Il risotto alla milanese non deve
essere scotto, ohibò, no! solo un po’ più che al dente sul piatto: il chicco
intriso ed enfiato de’ suddetti succhi, ma chicco individuo, non appiccicato ai
compagni, non ammollato in una melma, in una bagna che riuscirebbe schifenza.

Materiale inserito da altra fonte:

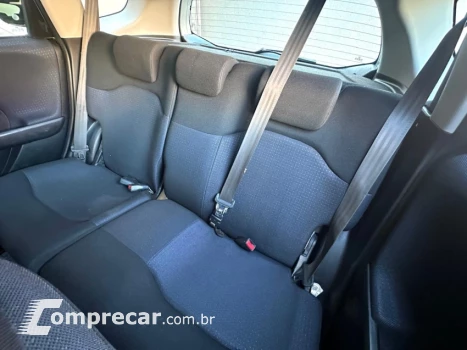 FIT 1.4 LX 8V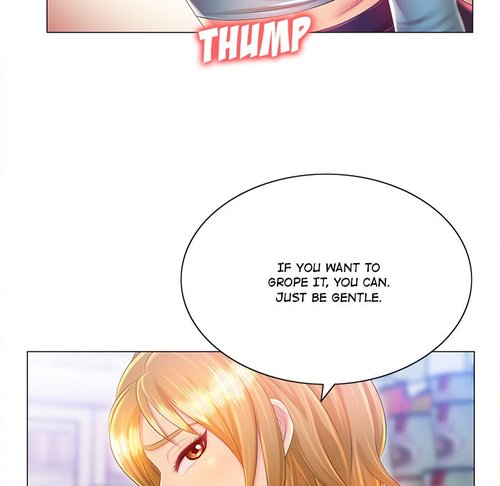 Risque Caller Chapter 11 Page 78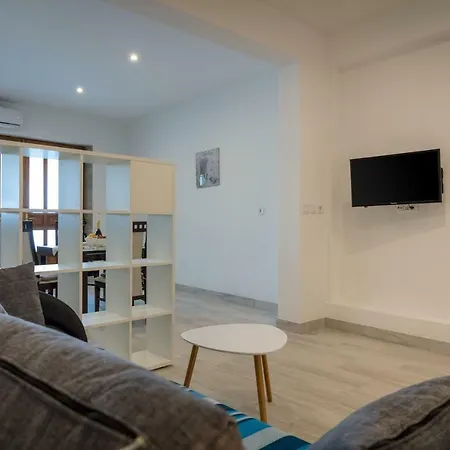 Marsic Appartement
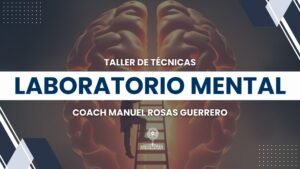 Taller de técnicas Laboratorio Mental.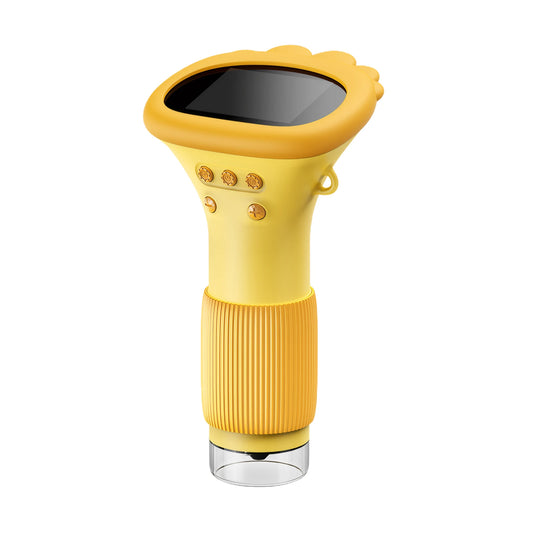 2-Inch Pocket Microscope for Kids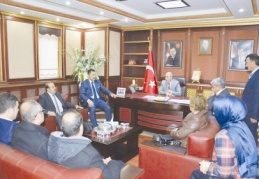 Pil topladılar ödül aldılar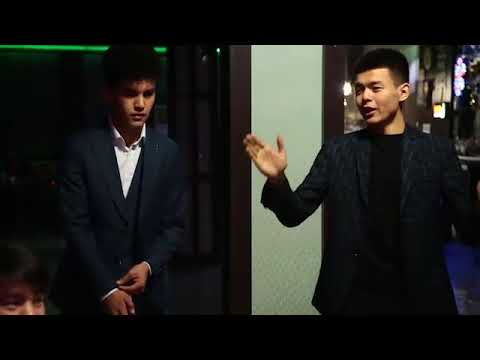 Днюха 21 12. 2019 Даулет город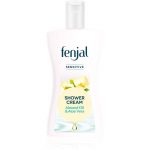 Fenjal Sensitive Du&scaron;ikreem tundlikule nahale 200 ml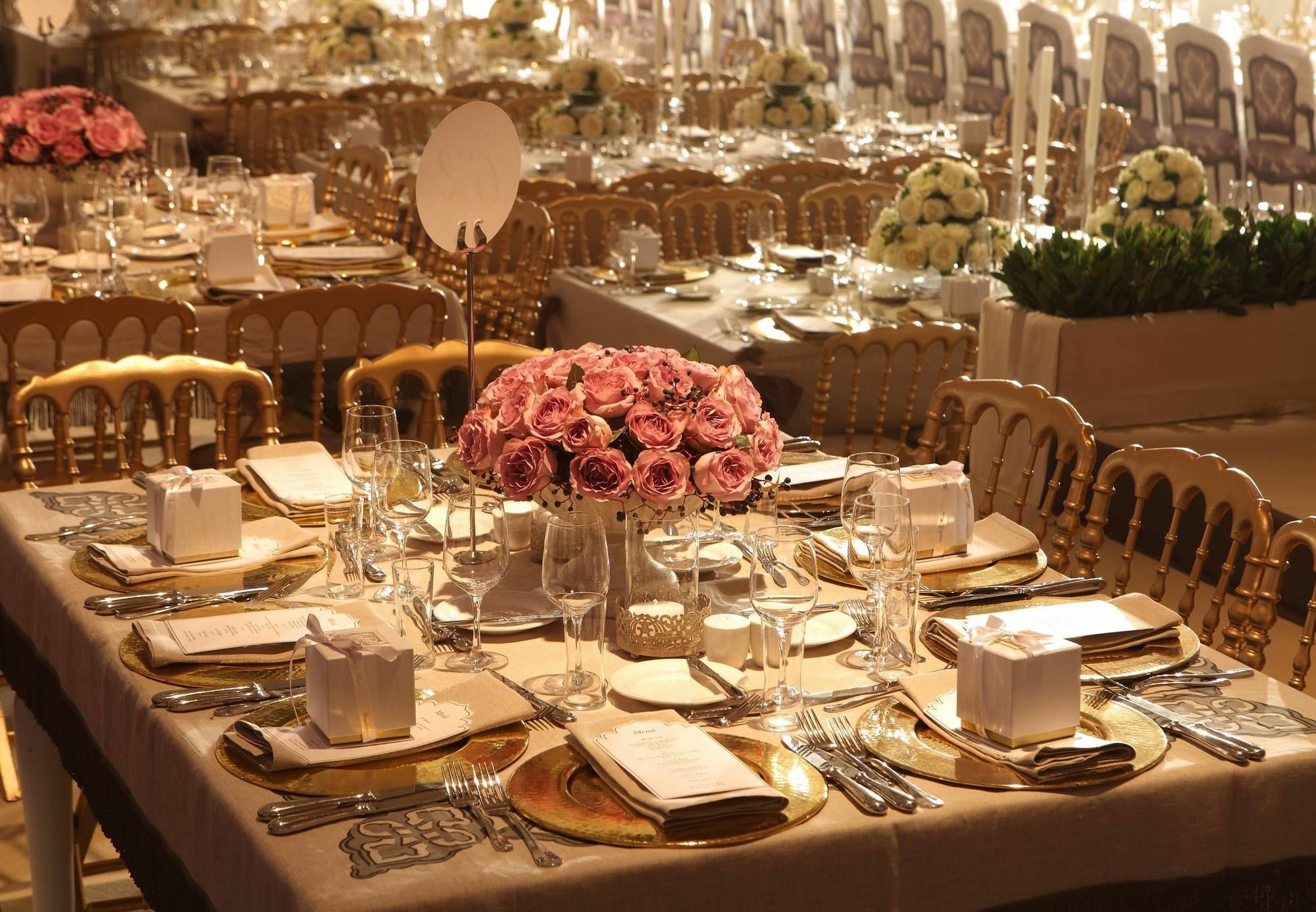Jw Marriott Hotel Ankara Extérieur photo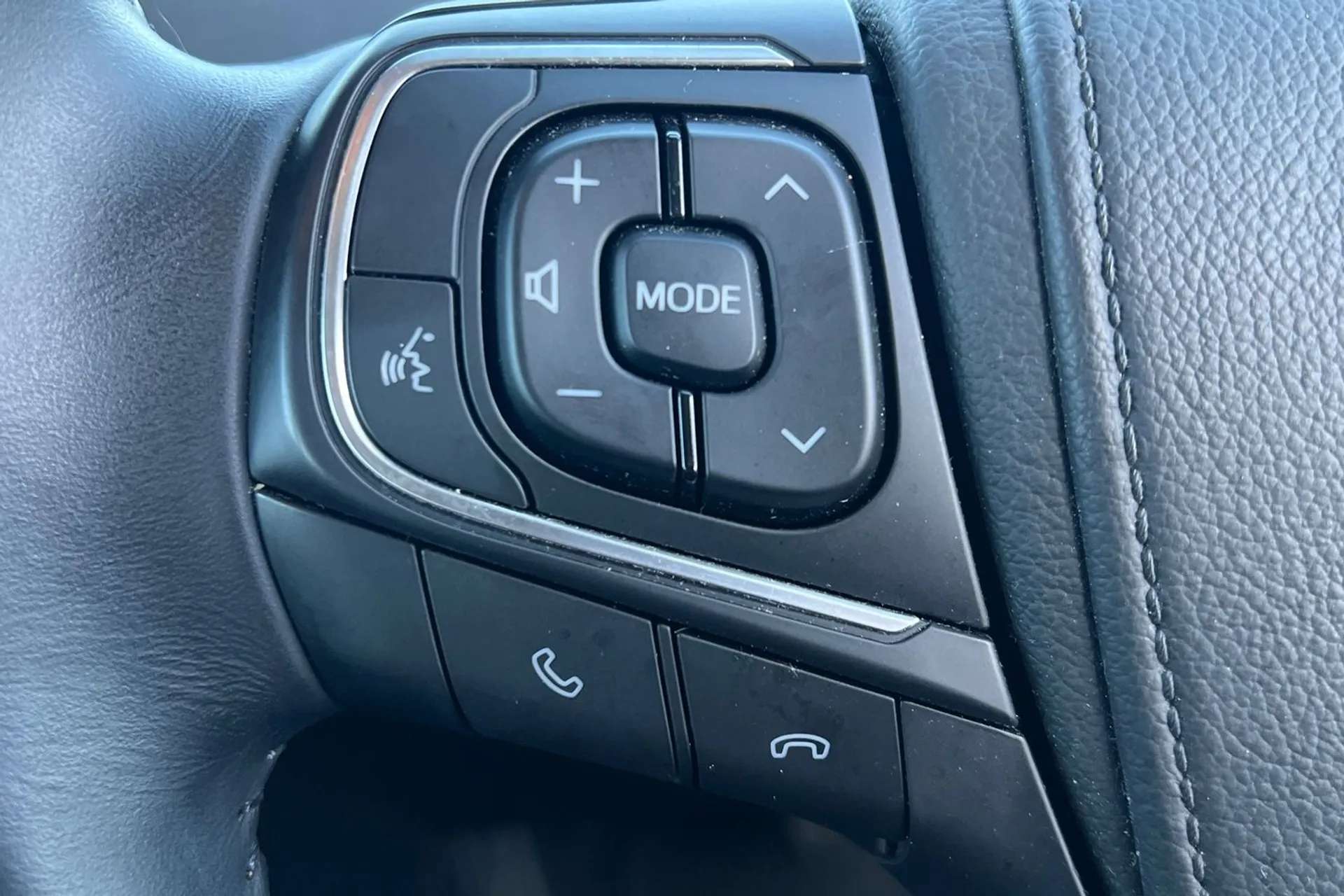 2018 TOYOTA VERSO 2018 TOYOTA VERSO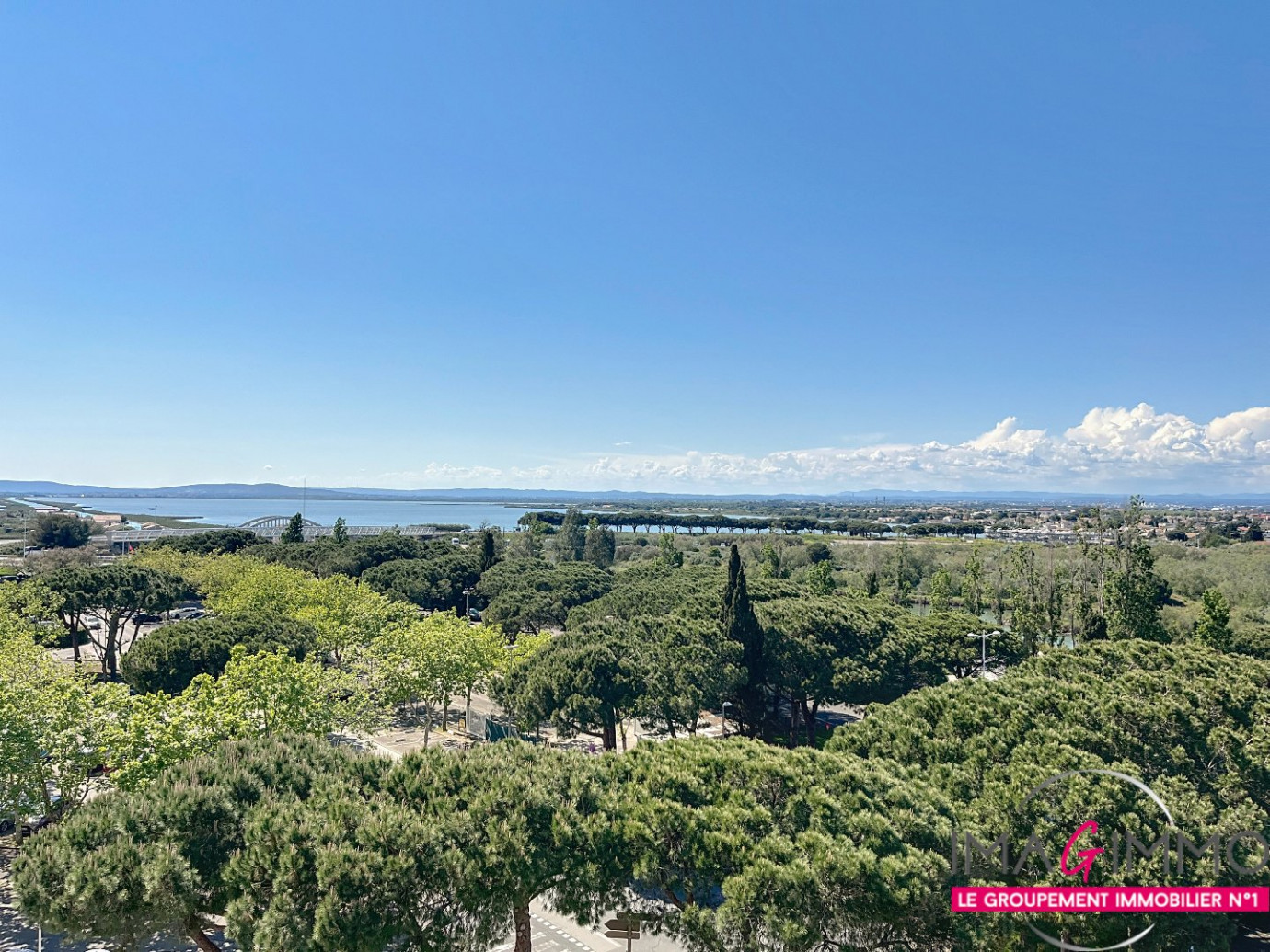 à vendre Appartement Carnon Plage (mauguio) - Photo 1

Del parmigiano grattugiato è appena ammesso, dai buoni risottai; è una
banalizzazione della sobrietà e dell’eleganza milanesi. Alle prime acquate di
settembre, funghi freschi nella casseruola; o, dopo S. Martino, scaglie
asciutte di tartufo dallo speciale arnese affetto-trifole potranno decedere sul
piatto, cioè sul risotto servito, a opera di premuroso tavolante, debitamente
remunerato a cose fatte, a festa consunta. Né la soluzione funghi, né la
soluzione tartufo, arrivano a pervertire il profondo, il vitale, nobile
significato del risotto alla milanese.
C’è un aspetto che colpisce: Gadda si
rivela non solo accurato ed esperto in
ingredienti e tecnica, ma segue chi si accinge a cucinare passo passo senza
saltare una tappa nel procedimento. Chi non ha troppa dimestichezza con i
fornelli trova la generosa concessione del tempo da parte di
chi scrive e non il linguaggio rapido che contraddistingue i nostri tempi.
Forse per avere ricette perfette, per mangiare bene si dovrebbero usare questi
ingredienti: prosa abbondante ed accurata e scienza.